* EXTRACTED INFORMATION
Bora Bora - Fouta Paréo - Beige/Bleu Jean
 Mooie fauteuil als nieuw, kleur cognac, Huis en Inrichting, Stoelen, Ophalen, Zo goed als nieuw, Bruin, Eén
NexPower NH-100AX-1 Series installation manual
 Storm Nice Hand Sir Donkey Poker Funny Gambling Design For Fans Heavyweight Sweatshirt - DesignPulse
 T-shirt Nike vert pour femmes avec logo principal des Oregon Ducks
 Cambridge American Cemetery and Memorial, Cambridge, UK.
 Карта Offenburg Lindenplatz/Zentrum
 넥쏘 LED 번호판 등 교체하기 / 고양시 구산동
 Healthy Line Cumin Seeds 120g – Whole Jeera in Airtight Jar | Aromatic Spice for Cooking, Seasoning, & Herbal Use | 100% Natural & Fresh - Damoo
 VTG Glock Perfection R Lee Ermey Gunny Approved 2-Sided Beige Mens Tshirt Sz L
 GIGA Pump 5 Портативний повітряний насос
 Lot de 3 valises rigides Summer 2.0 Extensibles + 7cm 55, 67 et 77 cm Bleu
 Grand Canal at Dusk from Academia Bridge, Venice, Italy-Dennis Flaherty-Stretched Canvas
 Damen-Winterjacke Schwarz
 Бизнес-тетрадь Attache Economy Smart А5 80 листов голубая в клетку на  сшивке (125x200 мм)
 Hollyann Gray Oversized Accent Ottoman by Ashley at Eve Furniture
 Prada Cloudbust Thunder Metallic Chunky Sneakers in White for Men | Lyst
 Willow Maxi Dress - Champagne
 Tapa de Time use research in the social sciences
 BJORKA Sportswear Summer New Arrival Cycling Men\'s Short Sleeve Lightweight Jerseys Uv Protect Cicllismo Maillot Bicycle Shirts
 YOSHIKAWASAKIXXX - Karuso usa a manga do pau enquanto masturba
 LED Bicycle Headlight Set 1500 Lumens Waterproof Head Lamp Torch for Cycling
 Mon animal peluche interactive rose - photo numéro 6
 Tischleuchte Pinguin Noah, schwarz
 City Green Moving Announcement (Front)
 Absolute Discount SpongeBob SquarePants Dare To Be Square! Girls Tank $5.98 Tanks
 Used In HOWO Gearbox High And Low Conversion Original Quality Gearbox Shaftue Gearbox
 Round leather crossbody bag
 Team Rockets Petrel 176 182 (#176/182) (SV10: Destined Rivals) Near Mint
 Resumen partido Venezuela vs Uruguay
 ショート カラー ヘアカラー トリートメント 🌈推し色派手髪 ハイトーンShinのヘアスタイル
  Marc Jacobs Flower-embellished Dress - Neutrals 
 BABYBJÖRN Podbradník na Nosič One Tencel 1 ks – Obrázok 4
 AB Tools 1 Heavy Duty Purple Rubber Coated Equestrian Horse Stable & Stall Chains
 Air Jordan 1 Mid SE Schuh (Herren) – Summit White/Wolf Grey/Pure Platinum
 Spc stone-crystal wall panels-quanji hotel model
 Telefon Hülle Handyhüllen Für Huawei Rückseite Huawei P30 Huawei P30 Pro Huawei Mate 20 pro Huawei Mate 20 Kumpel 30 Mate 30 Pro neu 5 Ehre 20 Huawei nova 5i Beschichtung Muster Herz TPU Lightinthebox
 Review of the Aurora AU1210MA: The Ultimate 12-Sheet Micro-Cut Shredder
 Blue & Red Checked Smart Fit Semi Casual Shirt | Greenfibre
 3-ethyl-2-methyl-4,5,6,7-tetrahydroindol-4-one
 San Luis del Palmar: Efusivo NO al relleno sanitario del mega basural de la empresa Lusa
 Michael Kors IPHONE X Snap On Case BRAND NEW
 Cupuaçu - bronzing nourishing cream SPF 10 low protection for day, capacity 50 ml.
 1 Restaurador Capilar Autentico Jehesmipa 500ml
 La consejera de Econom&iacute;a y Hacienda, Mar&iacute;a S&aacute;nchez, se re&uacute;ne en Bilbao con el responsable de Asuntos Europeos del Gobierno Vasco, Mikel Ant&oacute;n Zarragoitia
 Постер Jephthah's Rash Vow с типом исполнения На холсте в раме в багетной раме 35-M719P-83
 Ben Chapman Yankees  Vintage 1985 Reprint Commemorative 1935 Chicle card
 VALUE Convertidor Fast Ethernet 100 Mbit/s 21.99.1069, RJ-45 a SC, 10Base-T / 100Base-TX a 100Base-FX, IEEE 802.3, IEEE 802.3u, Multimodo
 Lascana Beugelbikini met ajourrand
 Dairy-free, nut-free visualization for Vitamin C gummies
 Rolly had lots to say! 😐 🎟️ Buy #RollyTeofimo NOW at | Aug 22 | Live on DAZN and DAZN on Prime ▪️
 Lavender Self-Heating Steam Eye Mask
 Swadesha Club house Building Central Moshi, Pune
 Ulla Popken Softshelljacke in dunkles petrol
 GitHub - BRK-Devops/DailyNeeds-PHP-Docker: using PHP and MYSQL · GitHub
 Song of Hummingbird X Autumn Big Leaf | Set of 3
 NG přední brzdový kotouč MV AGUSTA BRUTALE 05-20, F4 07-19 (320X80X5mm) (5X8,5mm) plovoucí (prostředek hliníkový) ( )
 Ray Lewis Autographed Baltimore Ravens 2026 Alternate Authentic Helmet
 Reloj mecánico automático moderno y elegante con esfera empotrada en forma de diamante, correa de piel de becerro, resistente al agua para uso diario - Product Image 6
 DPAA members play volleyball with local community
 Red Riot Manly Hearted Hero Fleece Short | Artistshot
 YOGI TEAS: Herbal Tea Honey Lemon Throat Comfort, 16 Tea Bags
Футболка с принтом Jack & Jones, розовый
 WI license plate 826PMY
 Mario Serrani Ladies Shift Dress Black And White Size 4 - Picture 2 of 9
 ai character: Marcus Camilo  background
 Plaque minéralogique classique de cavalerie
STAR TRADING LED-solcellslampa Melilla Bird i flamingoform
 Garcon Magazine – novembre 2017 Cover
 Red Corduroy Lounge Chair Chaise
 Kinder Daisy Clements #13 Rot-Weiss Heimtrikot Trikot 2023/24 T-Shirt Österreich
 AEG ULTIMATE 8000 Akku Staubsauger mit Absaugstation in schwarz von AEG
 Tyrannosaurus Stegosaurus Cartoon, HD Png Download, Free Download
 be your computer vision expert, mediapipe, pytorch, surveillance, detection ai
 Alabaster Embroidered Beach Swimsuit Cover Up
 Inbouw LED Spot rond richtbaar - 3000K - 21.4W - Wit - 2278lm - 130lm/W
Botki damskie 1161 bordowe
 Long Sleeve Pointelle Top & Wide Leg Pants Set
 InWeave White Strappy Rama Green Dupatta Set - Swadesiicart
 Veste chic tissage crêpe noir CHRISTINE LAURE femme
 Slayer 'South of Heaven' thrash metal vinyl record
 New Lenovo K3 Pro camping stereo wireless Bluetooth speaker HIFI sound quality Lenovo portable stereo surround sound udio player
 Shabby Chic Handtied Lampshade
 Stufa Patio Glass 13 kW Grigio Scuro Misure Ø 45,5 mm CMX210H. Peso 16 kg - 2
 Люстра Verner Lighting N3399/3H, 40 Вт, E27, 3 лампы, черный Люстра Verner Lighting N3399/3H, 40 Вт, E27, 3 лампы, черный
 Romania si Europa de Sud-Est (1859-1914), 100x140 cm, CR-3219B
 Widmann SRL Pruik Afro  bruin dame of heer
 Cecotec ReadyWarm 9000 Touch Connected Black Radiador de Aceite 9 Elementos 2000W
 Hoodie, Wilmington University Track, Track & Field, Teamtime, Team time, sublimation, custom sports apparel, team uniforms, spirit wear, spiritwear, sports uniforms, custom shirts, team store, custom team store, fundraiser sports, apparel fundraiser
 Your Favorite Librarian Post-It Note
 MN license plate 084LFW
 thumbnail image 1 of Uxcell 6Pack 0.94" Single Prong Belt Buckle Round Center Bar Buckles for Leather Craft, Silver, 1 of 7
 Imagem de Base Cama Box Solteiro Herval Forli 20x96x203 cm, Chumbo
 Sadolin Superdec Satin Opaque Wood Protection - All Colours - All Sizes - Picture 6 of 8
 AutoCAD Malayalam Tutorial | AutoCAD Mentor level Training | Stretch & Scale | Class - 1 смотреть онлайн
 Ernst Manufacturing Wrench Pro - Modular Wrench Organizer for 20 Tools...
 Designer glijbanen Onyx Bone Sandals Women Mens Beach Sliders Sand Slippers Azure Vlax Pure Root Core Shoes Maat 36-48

* WHAT IS BEING ASKED
Restate word for word only the lines above from the line containing "Mario Serrani Ladies" to the line containing "Stufa Patio Glass", both of them included.

* SOLVED PROBLEM
 Mario Serrani Ladies Shift Dress Black And White Size 4 - Picture 2 of 9
 ai character: Marcus Camilo  background
 Plaque minéralogique classique de cavalerie
STAR TRADING LED-solcellslampa Melilla Bird i flamingoform
 Garcon Magazine – novembre 2017 Cover
 Red Corduroy Lounge Chair Chaise
 Kinder Daisy Clements #13 Rot-Weiss Heimtrikot Trikot 2023/24 T-Shirt Österreich
 AEG ULTIMATE 8000 Akku Staubsauger mit Absaugstation in schwarz von AEG
 Tyrannosaurus Stegosaurus Cartoon, HD Png Download, Free Download
 be your computer vision expert, mediapipe, pytorch, surveillance, detection ai
 Alabaster Embroidered Beach Swimsuit Cover Up
 Inbouw LED Spot rond richtbaar - 3000K - 21.4W - Wit - 2278lm - 130lm/W
Botki damskie 1161 bordowe
 Long Sleeve Pointelle Top & Wide Leg Pants Set
 InWeave White Strappy Rama Green Dupatta Set - Swadesiicart
 Veste chic tissage crêpe noir CHRISTINE LAURE femme
 Slayer 'South of Heaven' thrash metal vinyl record
 New Lenovo K3 Pro camping stereo wireless Bluetooth speaker HIFI sound quality Lenovo portable stereo surround sound udio player
 Shabby Chic Handtied Lampshade
 Stufa Patio Glass 13 kW Grigio Scuro Misure Ø 45,5 mm CMX210H. Peso 16 kg - 2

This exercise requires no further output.